Taylor reminds caregivers that it’s OK for loved ones to be sad, to grieve or to need space during the holidays. She adds that you can “let elders talk about loved ones they are grieving as a way of remembering. Don’t be dismissive of this.” Together, you can celebrate the positive aspects of their memories and connections.
DON’T: Quiz them or expect them to remember everything
“If your loved one has cognitive or memory changes, avoid quizzing them on specific dates, people’s names or events,” Axline says.
This can cause a lot of anger and sadness in your loved one, especially if other members of the family are around. Don’t ask if they remember someone you’re introducing them to or what they remember about a specific event or date.

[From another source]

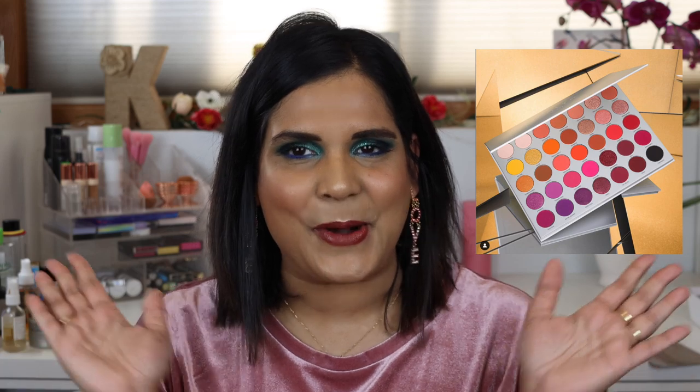I know there are other palettes that I don't own that you could probably dupe the Jaclyn Hill palette with, so if you guys can think of anything let me know in the comments. If somebody really loves that collection but wants to support a different brand, this will be the resource for that person. I just wanted to post a few pictures of the palette so you guys can see what we're working with.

Instead, use music, smells or touch to create a more relaxed and positive environment, says Axline.
DON’T: Force things
Abigale Johnson, a licensed social worker who practices in New York and New Jersey, asks that family caregivers aim to be patient.
“The holidays can be a very difficult time of year for our older loved ones, especially if they have lost their partner or other family members,” she says. “Some of our aging loved ones may appear more irritable, depressed, apathetic, fatigued or isolated. It’s important to be patient, meet them where they are at, which means not forcing them into large family gatherings or busy holiday plans if they are not interested.”
Mayfield adds, “Adjust your expectations, and try to let go of how things used to be. Although easier said than done, look for ways to appreciate who your loved one is now and create moments of gratitude.”
Stop and enjoy the holiday magic, whatever it looks like
There’s no denying that celebrating holidays with an older loved one can be emotional and maybe even stressful. But hopefully, these expert insights and tips help you navigate this time of year with a little more grace and joy. The key is to provide a safe and loving space for your older loved one to enjoy themselves in their own way.
It’s also a time to reconnect and enjoy each other’s presence, so make sure you aren’t putting too much pressure on yourself or them. Tracey Lawrence, author of the book “Dementia Sucks,” says it best: “While the holidays can be a very tough time, they can also be magical. It all depends on how you view them.”